Fear of retrospective taxation "hangs like a Damocles' Sword" over the head of foreign firms doing business in India, global tech giant Microsoft said today -- joined by two other large American corporations to raise concerns about the country's 'uncertain' tax regime.
Fear of retrospective taxation “hangs like a Damocles’ Sword” over the head of foreign firms doing business in India, global tech giant Microsoft said today — joined by two other large American corporations to raise concerns about the country’s ‘uncertain’ tax regime.
Highlighting their concerns, top officials of the three global giants — Microsoft, GE and Lockheed Martin — were unanimous at a conference here in seeking predictability in taxation rules to encourage investments in the country.
GE and Lockheed Martin also called for removing inefficiencies in government tendering procedures and bidding processes, while Microsoft said there was a need to overcome “trust deficit” over data security issues in India.
“Tax hangs like a Damocles’ sword over our head and I’m not terribly sure whether it’s only American companies but I guess it’s every company in this country. That Damocles’ sword is that suddenly rules change and is retrospective,” Microsoft India Chairman Bhaskar Pramanik said at the ‘Accelerating Indo-US Trade’ conference.
Elaborating his point, he said: “If you come to me and tell me that I am going to increase your taxes by 35 per cent I have no issues. I will change my business model accordingly but if you come back and say for the last ten years I am going to charge you 35 per cent more, I have a problem and I can’t change that. I think this retrospective tax has still not disappeared.”
Expressing similar sentiments, GE South Asia President & CEO Banmali Agrawala said taxation remains an issue for foreign companies, particularly American firms that “need comfort” from the Indian government.
“I think companies are willing to invest in this country like never before.
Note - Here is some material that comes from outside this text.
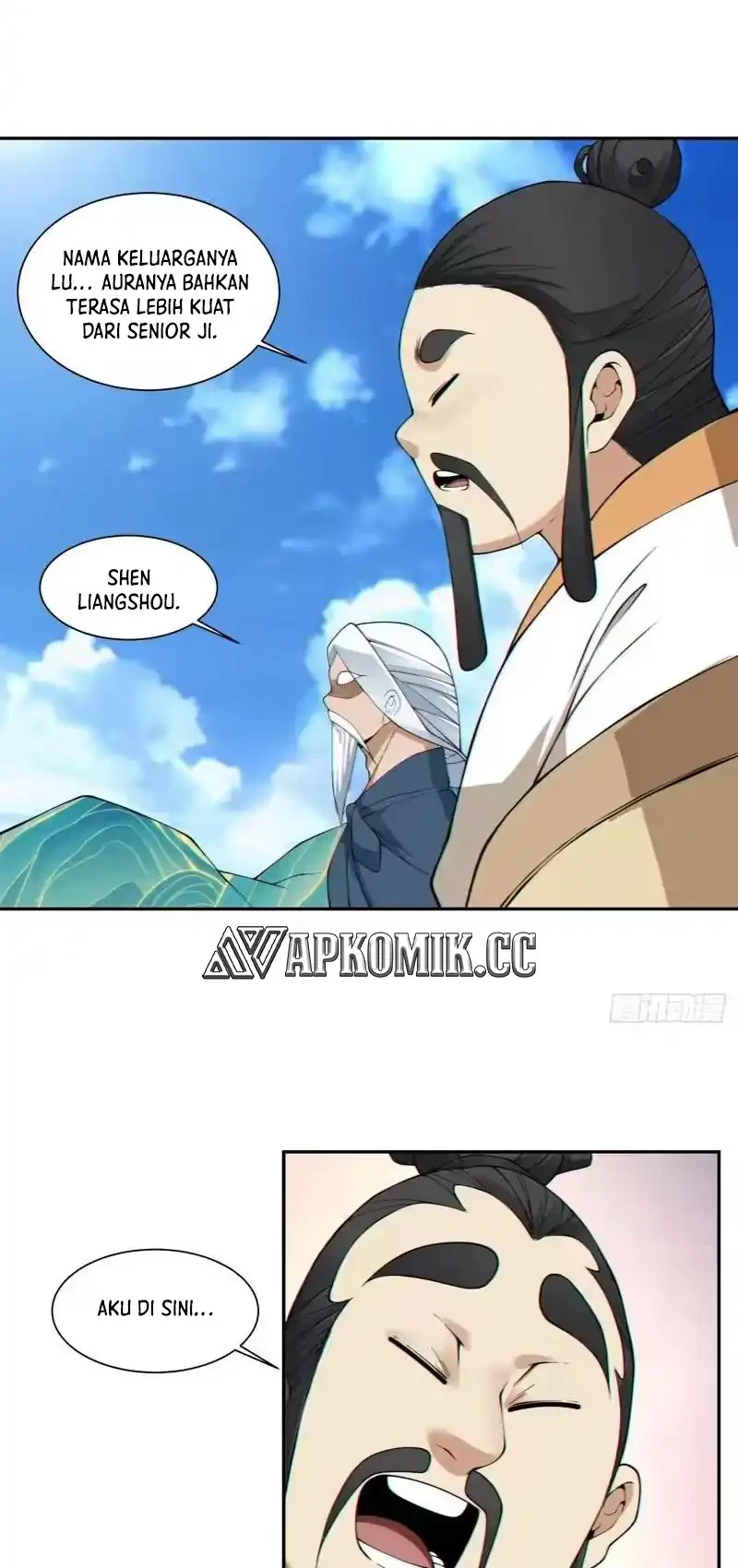 My Disciples Are All Immortals Chapter 478 - halaman 19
Therefore they need a certain degree of predictability and comfort that revenue, which is legitimate and genuine will be taxed and there would not be undue pressures,” he added.
Lockheed Martin India Chief Executive Phil Shaw also said that the challenges that they see in India include those relating to the country’s taxation regime.
He said companies like Lockheed Martin would like to see some predictability in procurement particularly in the defence sector.
The comments come at a time when the NDA government is highlighting the work done by it in its first two years in various areas, including towards improving the ease of doing business in the country.
Commenting on data security issues, Pramanik said: “There is a trust deficit whether it is the Snowden reports or the current issues which we have. We need to balance the privacy of data with the security of the nation…
“One thing is very clear to us that if data is generated in this country, it should be based on the laws of this country and based on what is right for the Indian citizen.”
Stating that to question Microsoft’s credentials based on nationality is “sometimes a little peculiar” as the company has been India for 25 years, he said: “I think we need to build that trust with the current government.”
Calling for transparency in government procurements, he said: “We are finding that the government is giving a lot of contracts but they have already made up their mind about how to go about certain things so the transparency is lacking. I think that is one thing which we need to focus on.”
Agreeing with him, Agrawala said: “The process of Government spending needs to be smoother, by that I mean the tendering procedures, the bidding processes, it needs to be faster, more predictable, smoother, so that it can result in more clear action and it doesn’t take decades for things to come to fruition.”